The Teamsters union is fighting a move by TFI International’s TForce Freight to cut the maximum speed of trucks from 68 to 65 mph.
The union’s national negotiating committee for TForce quietly filed a charge with the National Labor Relations Board on July 12. It alleges that TForce, formerly UPS Freight, violated federal law by modifying the speed limiters without consulting the union and refusing to negotiate after the fact.
“Changing the speed governors directly impacts employee earning capacity, hours of work, hours of service, and safety, which are all mandatory subjects of bargaining,” the complaint states. “The company has refused to rescind its unilateral action and has refused to bargain about its decision and effects on unit employees.”

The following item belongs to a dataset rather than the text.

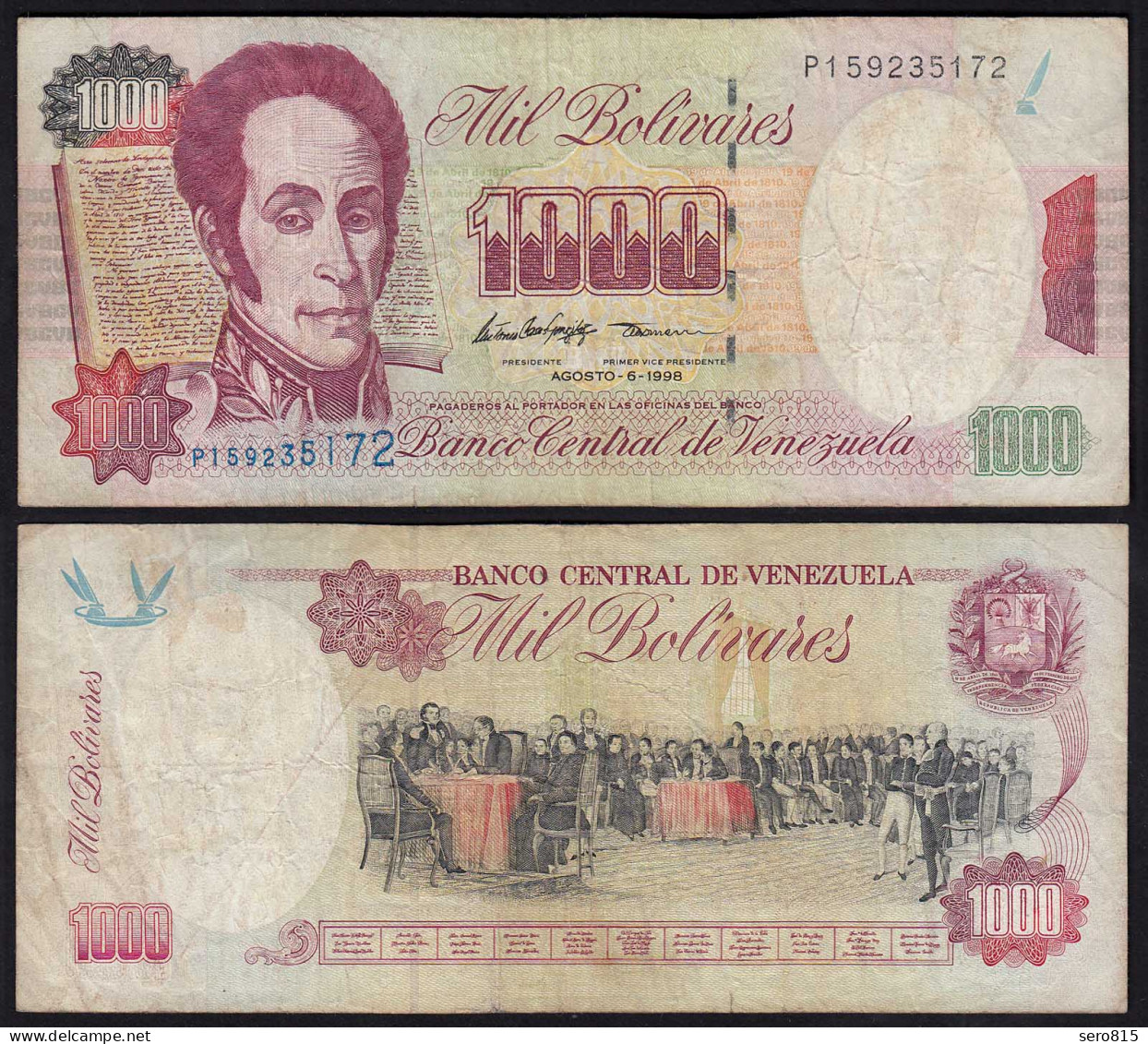 Venezuela 1000 Bolivares Banknote 1998 F (4) Pick 76d  (24214 - Autres - Amérique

TFI acquired UPS’ LTL operation for $800 million with plans to aggressively boost profits while reining in costs. CEO Alain Bedard has signaled willingness to work with the Teamsters, which represent employees at some of TFI’s Canadian operations.

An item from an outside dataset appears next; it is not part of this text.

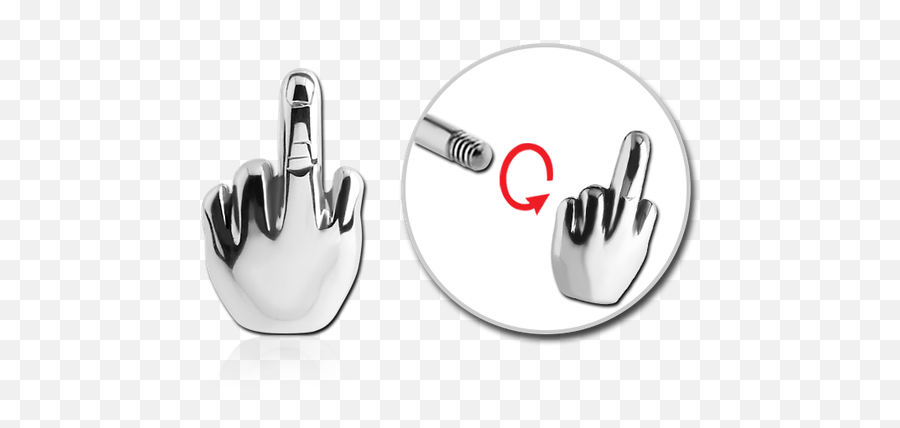 Surgical Steel Grade 316l Threaded - Sign Language Png,Middle Finger Logo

But he also suggested there are limits: “We live with it, we work with them. But we manage the company.”
‘It’s like working 30 minutes extra a day for free,’ driver says
The speed reduction, implemented in June, has angered many drivers at TForce Freight who have already viewed the new owner with skepticism. The change effectively extended the working day of linehaul drivers who run regular schedules while reducing the maximum daily earnings potential for others.

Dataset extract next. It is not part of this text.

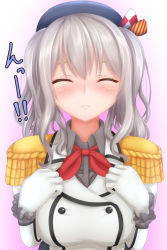 Rule 34 | 10s, 1girl, beret, blush, breasts, buttons, embarrassed, epaulettes, closed eyes, frilled sleeves, frills, gloves, gradient background, hat, incoming kiss, kantai collection, kashima (kancolle), large breasts, military, military uniform, silver hair, simple background, solo, tapisuke, translation request, uniform, white gloves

“That may not seem much, but it adds 30 minutes a day to your run,” said a TForce driver, who spoke on the condition that his name isn’t used “And since you’re paid by the mile it’s like working 30 minutes extra a day for free.”
Another driver, who spoke on the condition of anonymity, said the speed reduction has hit morale — particularly since TFI’s rollout of new trucks has been slow.
“We’re spending more time on the road, less time at home, driving old equipment,” the driver said. “You get a worse attitude.”
Bedard told analysts in July that the company reduced the speed of trucks “to be safer on the road.”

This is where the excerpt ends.